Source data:
☆ ☆ ☆ ☆
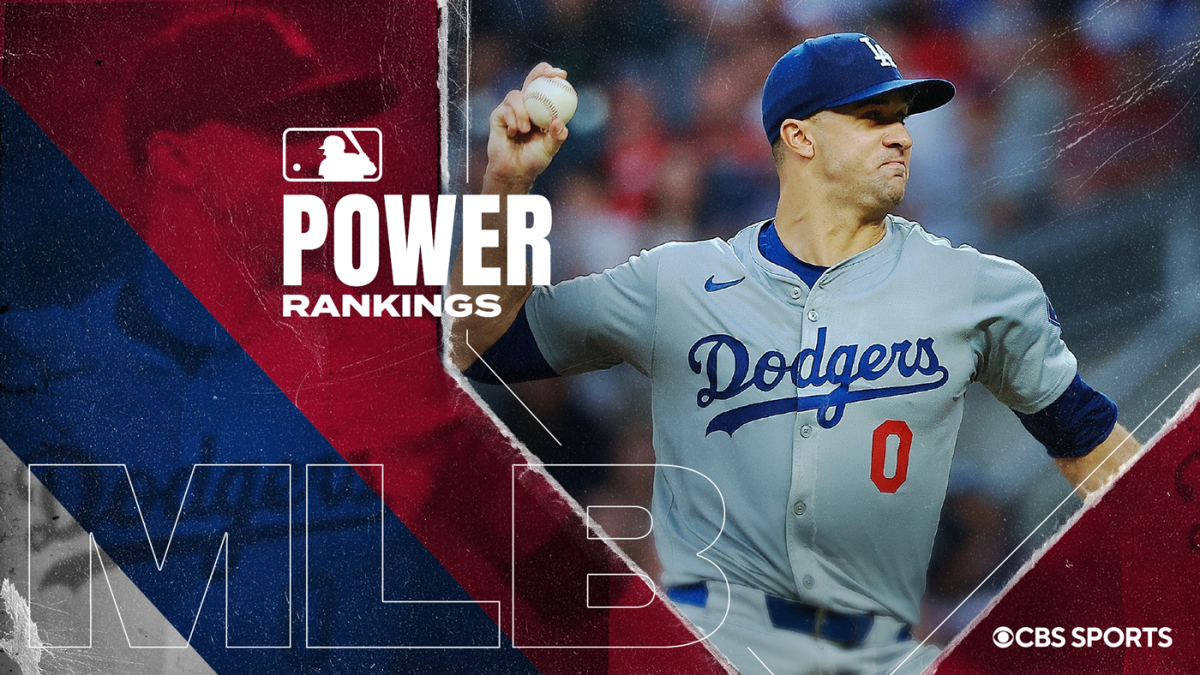 MLB Power Rankings: Will Dodgers’ shaky rotation last until the playoffs? Plus who replaces L.A. at No. 1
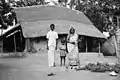 Young couple at home, 1966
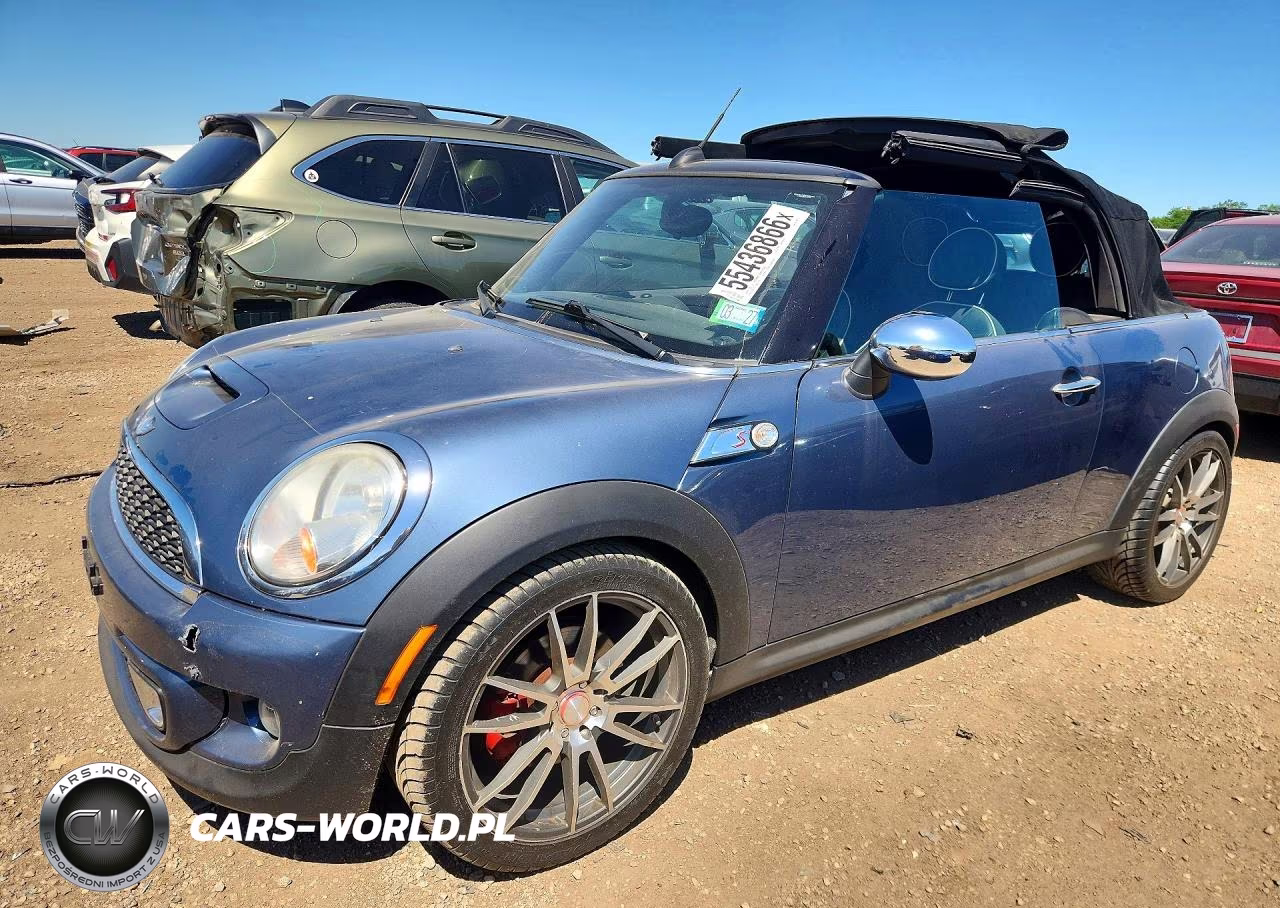 2011 Mini Cooper S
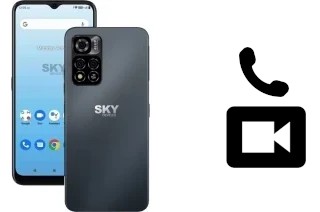 Making video calls with a Sky-Devices Elite MAX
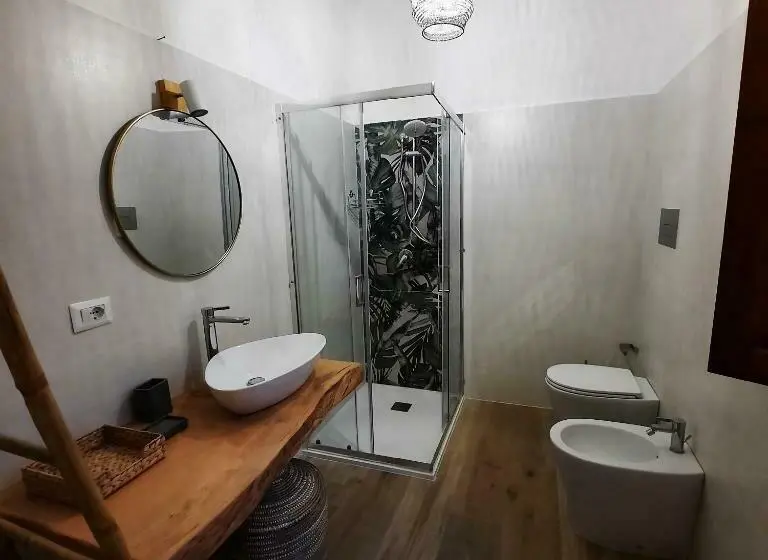 اتاق سه نفره دلوکس با چشم‌انداز دریا, Aloha Marzamemi Rooms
☆ ☆ ☆ ☆
**REQUIREMENT**:
In your copy of the records above, include no pictures and match every line exactly.

**TASK RESULT**:
 MLB Power Rankings: Will Dodgers’ shaky rotation last until the playoffs? Plus who replaces L.A. at No. 1
 Young couple at home, 1966
 2011 Mini Cooper S
 Making video calls with a Sky-Devices Elite MAX
 اتاق سه نفره دلوکس با چشم‌انداز دریا, Aloha Marzamemi Rooms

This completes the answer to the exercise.